Full Report
TunnelBear is one of our favorite free VPNs, thanks to its secure encryption, access to over 40 servers, and access to most features with a free plan.
Analysis Summary
# TunnelBear VPN Security and Feature Analysis
## Key Points
- TunnelBear is highlighted as an affordable VPN with a functional free plan, notable for its secure encryption and access to servers in 47 countries for free users.
- The free plan is limited by a 2GB/month data bandwidth cap, which might hinder streaming or large downloads.
- The application uses an 'Auto' protocol setting by default, but supports WireGuard, OpenVPN, and IKEv2 protocols, all considered secure.
- A crucial privacy feature mentioned is **VigilantBear** (the kill switch), which blocks internet access if the VPN connection drops, preventing IP/DNS exposure. This feature is available on PC and Android, but *not* on iOS.
- Leak tests confirmed TunnelBear did not expose IP and DNS requests when VigilantBear was active, indicating strong anonymity capabilities.
- The software includes **SplitBear**, allowing users to route only specific applications or websites through the VPN connection.
- The service maintains a no-logs policy regarding user searches and IP addresses.
## Threat Actors
- No specific threat actors or external malicious entities are mentioned in relation to this product review. The focus is on the security posture and reliability of the service provider itself.
## TTPs
- **Encryption/Tunneling:** Utilizes secure protocols including WireGuard, OpenVPN, and IKEv2.
- **Connection Integrity:** Implements a kill switch mechanism (**VigilantBear**) to prevent accidental exposure during connection loss.
- **Selective Routing:** Feature (**SplitBear**) allows users to bypass VPN routing for certain traffic.
- **Anonymity Maintenance:** Successfully prevented IP and DNS leaks during testing.
## Affected Systems
- Affected systems relate to the user's ability to utilize the service optimally:
- **PC/Android:** Full access to the VigilantBear (kill switch) feature.
- **iOS:** Lacks the VigilantBear kill switch functionality.
- **Streaming Services:** Access may be intermittently blocked on specific sites despite the service's capabilities.
- **Free Users:** Restricted by a 2GB/month data bandwidth limit.
## Mitigations
- **Protocol Selection:** Users should monitor the connection and ensure the optimal protocol is selected (though 'Auto' is recommended).
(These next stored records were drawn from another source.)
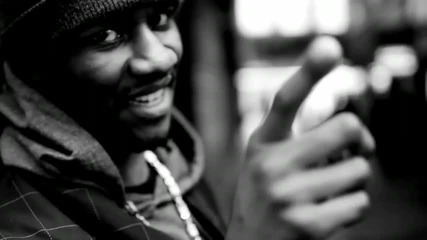 Giggs - Don t Go There 
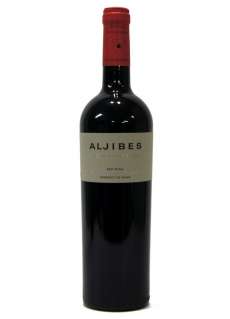 Vin roșu Aljibes Cabernet Franc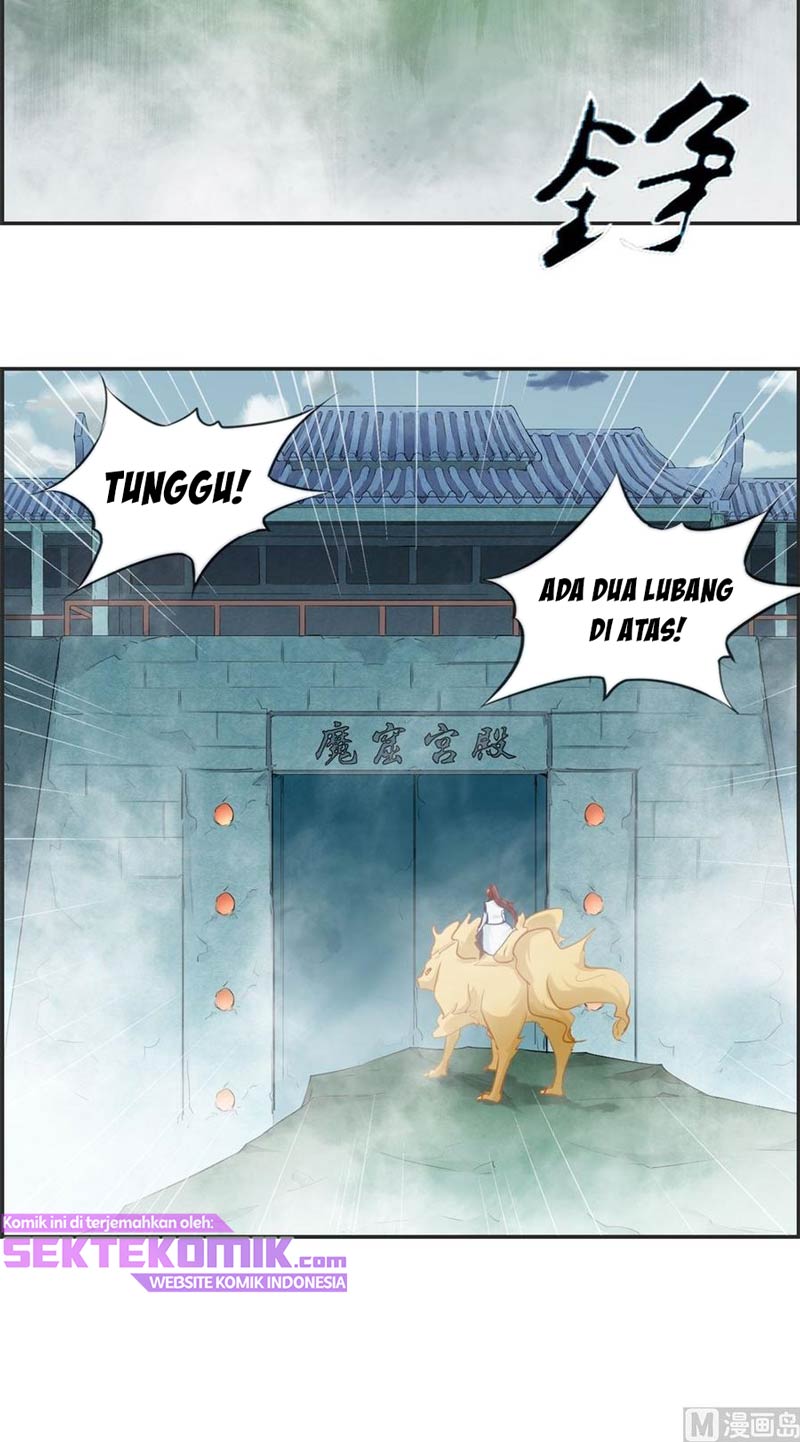 Strongest System (The Strongest Dandy System) Chapter 41 Gambar 16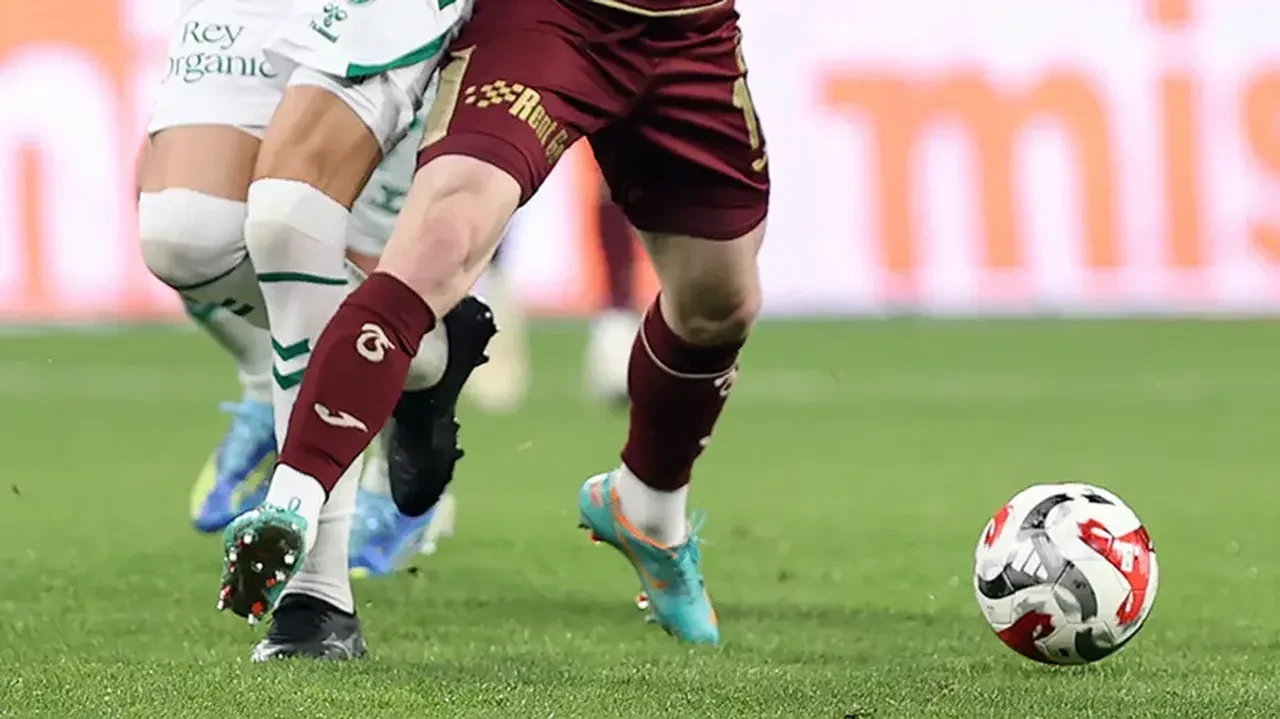 Trabzonspor Konyaspor maçı saat kaçta şifresiz hangi kanalda?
- **Kill Switch Enforcement:** Ensure **VigilantBear** is enabled on PC and Android devices to prevent IP address exposure during connection drops.
- **Troubleshooting Connectivity:** If service fails, users should try switching servers, updating the app, reinstalling the app, and ensuring antivirus software is not blocking TunnelBear processes.
- **Data Management:** Free users must manage usage due to the 2GB monthly data cap.
## IoCs
*No technical Indicators of Compromise (IoCs) such as malicious file hashes, domains, or IP addresses are associated with this analysis, as it pertains to a service review.*
## Conclusion
TunnelBear is assessed as a safe and trustworthy VPN service, utilizing strong encryption and maintaining a privacy-focused no-logs policy. Its primary trade-offs are the data cap on the free tier and the absence of the core kill switch feature (VigilantBear) on iOS devices. For users prioritizing ease-of-use and basic security without extensive customization, it is a strong candidate, though advanced users may find it too basic compared to alternatives listed (like NordVPN).